OK, this is likely the most challenging of the group. With the upcoming release of Leo DiCaprio’s version of “The Great Gatsby,” designers were all over fringed flapper dresses and embellished gowns. Thriftable pieces that will capture this trend include drop waist dresses, mid-calf skirts, skullcap style hats (especially with flowers and embellishments), white/tennis-reminiscent items, and silky blouses.

Pastels

As always, color-centric trends are the easiest to thrift. Do take a peek at a few contemporary photos before heading out to shop, as this particular batch of pastels is a bit more deep/saturated than some. But you’ll find all the shades from a bag of Jordan almonds at virtually every used clothing store in the land.

Graphic florals

Ditsy florals are classic, but this trend calls for a more abstract iteration. Or if not abstract, bold, big, and eye-catching.

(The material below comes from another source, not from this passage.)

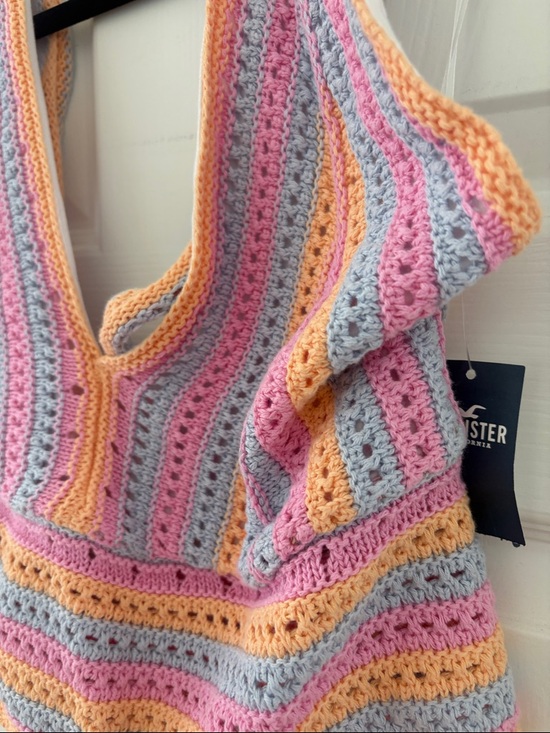 Hollister Crochet V-Neck Striped halter Top - Pink/Gray/Peach - Picture 3 of 5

And believe me, such prints abound at thrift stores. Keep your eyes peeled for bright and primary colors, large prints, and anything that looks a bit graphic-designy.

Printed pants

This one comes with a warning: I prowled my local thrift haunts in search of printed pants for more than a year, and eventually bought these instead. But floral, paisley, and other fun printed pants abounded … they just weren’t available in styles I loved. If you find a pair that works but they’re not quite right, consider altering them or having them tailored. In this iteration of the trend, printed pants should either feature exaggerated wide legs or very slim ones. (See last night’s sale picks for non-thrift options.)

Orange

What could be easier! Don’t let anyone tell you that you need to run out and purchase the perfect tangerine frock. Orange is orange, and even neon versions are hot right now. Cruise the aisles looking for cuts and fabrics that suit your taste, and nab yourself some bold, orange items.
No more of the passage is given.